● What to work on
Repeat the entries shown below with every word and mark intact.
--- The records Enclosed Below ---
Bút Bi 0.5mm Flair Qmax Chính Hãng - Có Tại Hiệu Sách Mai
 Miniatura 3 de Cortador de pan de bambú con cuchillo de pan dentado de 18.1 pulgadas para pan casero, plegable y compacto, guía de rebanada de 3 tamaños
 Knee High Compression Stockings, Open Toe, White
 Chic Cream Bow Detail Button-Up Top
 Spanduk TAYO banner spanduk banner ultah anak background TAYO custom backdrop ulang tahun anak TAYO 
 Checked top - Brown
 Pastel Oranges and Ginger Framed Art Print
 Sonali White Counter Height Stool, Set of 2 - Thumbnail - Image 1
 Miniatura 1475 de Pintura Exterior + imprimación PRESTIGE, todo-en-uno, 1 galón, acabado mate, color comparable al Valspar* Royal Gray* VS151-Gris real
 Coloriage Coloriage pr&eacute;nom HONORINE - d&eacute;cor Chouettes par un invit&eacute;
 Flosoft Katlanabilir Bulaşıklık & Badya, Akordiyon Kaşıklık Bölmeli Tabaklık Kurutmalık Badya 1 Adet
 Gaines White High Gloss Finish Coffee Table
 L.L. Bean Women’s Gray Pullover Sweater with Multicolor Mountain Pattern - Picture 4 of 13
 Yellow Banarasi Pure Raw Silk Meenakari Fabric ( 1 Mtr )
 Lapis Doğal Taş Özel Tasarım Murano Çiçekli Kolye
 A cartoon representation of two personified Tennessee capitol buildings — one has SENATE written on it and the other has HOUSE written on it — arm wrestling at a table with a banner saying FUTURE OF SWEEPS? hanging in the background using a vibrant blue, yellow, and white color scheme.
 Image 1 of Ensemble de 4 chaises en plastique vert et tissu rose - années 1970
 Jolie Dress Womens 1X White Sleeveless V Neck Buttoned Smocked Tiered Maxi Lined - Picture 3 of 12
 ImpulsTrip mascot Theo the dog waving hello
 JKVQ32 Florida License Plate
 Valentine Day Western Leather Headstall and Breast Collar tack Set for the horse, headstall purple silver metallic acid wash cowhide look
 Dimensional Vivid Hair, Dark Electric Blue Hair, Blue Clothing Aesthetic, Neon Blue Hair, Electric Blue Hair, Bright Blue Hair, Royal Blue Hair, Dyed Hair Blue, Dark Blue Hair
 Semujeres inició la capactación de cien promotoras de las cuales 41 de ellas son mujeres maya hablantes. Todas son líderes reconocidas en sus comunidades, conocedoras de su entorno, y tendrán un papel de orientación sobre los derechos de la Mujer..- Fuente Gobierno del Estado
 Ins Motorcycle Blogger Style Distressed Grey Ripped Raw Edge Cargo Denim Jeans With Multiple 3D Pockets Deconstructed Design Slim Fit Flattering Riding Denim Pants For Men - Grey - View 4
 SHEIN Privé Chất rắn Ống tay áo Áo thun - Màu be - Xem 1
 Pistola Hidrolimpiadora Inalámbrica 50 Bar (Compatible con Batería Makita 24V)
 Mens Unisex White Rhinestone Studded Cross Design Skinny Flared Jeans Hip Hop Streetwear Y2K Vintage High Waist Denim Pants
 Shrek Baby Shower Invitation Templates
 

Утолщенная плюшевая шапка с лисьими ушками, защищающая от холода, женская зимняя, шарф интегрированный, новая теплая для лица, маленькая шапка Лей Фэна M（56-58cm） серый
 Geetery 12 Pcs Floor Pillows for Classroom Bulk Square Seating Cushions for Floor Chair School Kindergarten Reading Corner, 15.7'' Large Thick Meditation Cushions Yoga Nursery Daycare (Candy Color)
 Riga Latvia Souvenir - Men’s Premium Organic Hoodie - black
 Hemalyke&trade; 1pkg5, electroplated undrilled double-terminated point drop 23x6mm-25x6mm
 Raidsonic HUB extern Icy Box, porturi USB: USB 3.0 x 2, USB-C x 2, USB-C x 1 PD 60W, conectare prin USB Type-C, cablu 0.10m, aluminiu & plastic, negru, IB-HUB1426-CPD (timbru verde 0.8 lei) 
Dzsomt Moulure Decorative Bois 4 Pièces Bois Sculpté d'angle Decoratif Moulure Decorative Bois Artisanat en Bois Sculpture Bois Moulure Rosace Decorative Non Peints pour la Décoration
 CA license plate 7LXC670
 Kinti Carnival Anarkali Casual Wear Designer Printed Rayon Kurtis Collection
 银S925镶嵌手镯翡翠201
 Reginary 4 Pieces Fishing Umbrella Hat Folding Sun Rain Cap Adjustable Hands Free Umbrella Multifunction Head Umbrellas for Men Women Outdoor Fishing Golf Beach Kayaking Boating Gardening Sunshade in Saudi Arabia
--- End of Enclosed The records ---
● Solution to the exercise
Bút Bi 0.5mm Flair Qmax Chính Hãng - Có Tại Hiệu Sách Mai
 Miniatura 3 de Cortador de pan de bambú con cuchillo de pan dentado de 18.1 pulgadas para pan casero, plegable y compacto, guía de rebanada de 3 tamaños
 Knee High Compression Stockings, Open Toe, White
 Chic Cream Bow Detail Button-Up Top
 Spanduk TAYO banner spanduk banner ultah anak background TAYO custom backdrop ulang tahun anak TAYO 
 Checked top - Brown
 Pastel Oranges and Ginger Framed Art Print
 Sonali White Counter Height Stool, Set of 2 - Thumbnail - Image 1
 Miniatura 1475 de Pintura Exterior + imprimación PRESTIGE, todo-en-uno, 1 galón, acabado mate, color comparable al Valspar* Royal Gray* VS151-Gris real
 Coloriage Coloriage pr&eacute;nom HONORINE - d&eacute;cor Chouettes par un invit&eacute;
 Flosoft Katlanabilir Bulaşıklık & Badya, Akordiyon Kaşıklık Bölmeli Tabaklık Kurutmalık Badya 1 Adet
 Gaines White High Gloss Finish Coffee Table
 L.L. Bean Women’s Gray Pullover Sweater with Multicolor Mountain Pattern - Picture 4 of 13
 Yellow Banarasi Pure Raw Silk Meenakari Fabric ( 1 Mtr )
 Lapis Doğal Taş Özel Tasarım Murano Çiçekli Kolye
 A cartoon representation of two personified Tennessee capitol buildings — one has SENATE written on it and the other has HOUSE written on it — arm wrestling at a table with a banner saying FUTURE OF SWEEPS? hanging in the background using a vibrant blue, yellow, and white color scheme.
 Image 1 of Ensemble de 4 chaises en plastique vert et tissu rose - années 1970
 Jolie Dress Womens 1X White Sleeveless V Neck Buttoned Smocked Tiered Maxi Lined - Picture 3 of 12
 ImpulsTrip mascot Theo the dog waving hello
 JKVQ32 Florida License Plate
 Valentine Day Western Leather Headstall and Breast Collar tack Set for the horse, headstall purple silver metallic acid wash cowhide look
 Dimensional Vivid Hair, Dark Electric Blue Hair, Blue Clothing Aesthetic, Neon Blue Hair, Electric Blue Hair, Bright Blue Hair, Royal Blue Hair, Dyed Hair Blue, Dark Blue Hair
 Semujeres inició la capactación de cien promotoras de las cuales 41 de ellas son mujeres maya hablantes. Todas son líderes reconocidas en sus comunidades, conocedoras de su entorno, y tendrán un papel de orientación sobre los derechos de la Mujer..- Fuente Gobierno del Estado
 Ins Motorcycle Blogger Style Distressed Grey Ripped Raw Edge Cargo Denim Jeans With Multiple 3D Pockets Deconstructed Design Slim Fit Flattering Riding Denim Pants For Men - Grey - View 4
 SHEIN Privé Chất rắn Ống tay áo Áo thun - Màu be - Xem 1
 Pistola Hidrolimpiadora Inalámbrica 50 Bar (Compatible con Batería Makita 24V)
 Mens Unisex White Rhinestone Studded Cross Design Skinny Flared Jeans Hip Hop Streetwear Y2K Vintage High Waist Denim Pants
 Shrek Baby Shower Invitation Templates
 

Утолщенная плюшевая шапка с лисьими ушками, защищающая от холода, женская зимняя, шарф интегрированный, новая теплая для лица, маленькая шапка Лей Фэна M（56-58cm） серый
 Geetery 12 Pcs Floor Pillows for Classroom Bulk Square Seating Cushions for Floor Chair School Kindergarten Reading Corner, 15.7'' Large Thick Meditation Cushions Yoga Nursery Daycare (Candy Color)
 Riga Latvia Souvenir - Men’s Premium Organic Hoodie - black
 Hemalyke&trade; 1pkg5, electroplated undrilled double-terminated point drop 23x6mm-25x6mm
 Raidsonic HUB extern Icy Box, porturi USB: USB 3.0 x 2, USB-C x 2, USB-C x 1 PD 60W, conectare prin USB Type-C, cablu 0.10m, aluminiu & plastic, negru, IB-HUB1426-CPD (timbru verde 0.8 lei) 
Dzsomt Moulure Decorative Bois 4 Pièces Bois Sculpté d'angle Decoratif Moulure Decorative Bois Artisanat en Bois Sculpture Bois Moulure Rosace Decorative Non Peints pour la Décoration
 CA license plate 7LXC670
 Kinti Carnival Anarkali Casual Wear Designer Printed Rayon Kurtis Collection
 银S925镶嵌手镯翡翠201
 Reginary 4 Pieces Fishing Umbrella Hat Folding Sun Rain Cap Adjustable Hands Free Umbrella Multifunction Head Umbrellas for Men Women Outdoor Fishing Golf Beach Kayaking Boating Gardening Sunshade in Saudi Arabia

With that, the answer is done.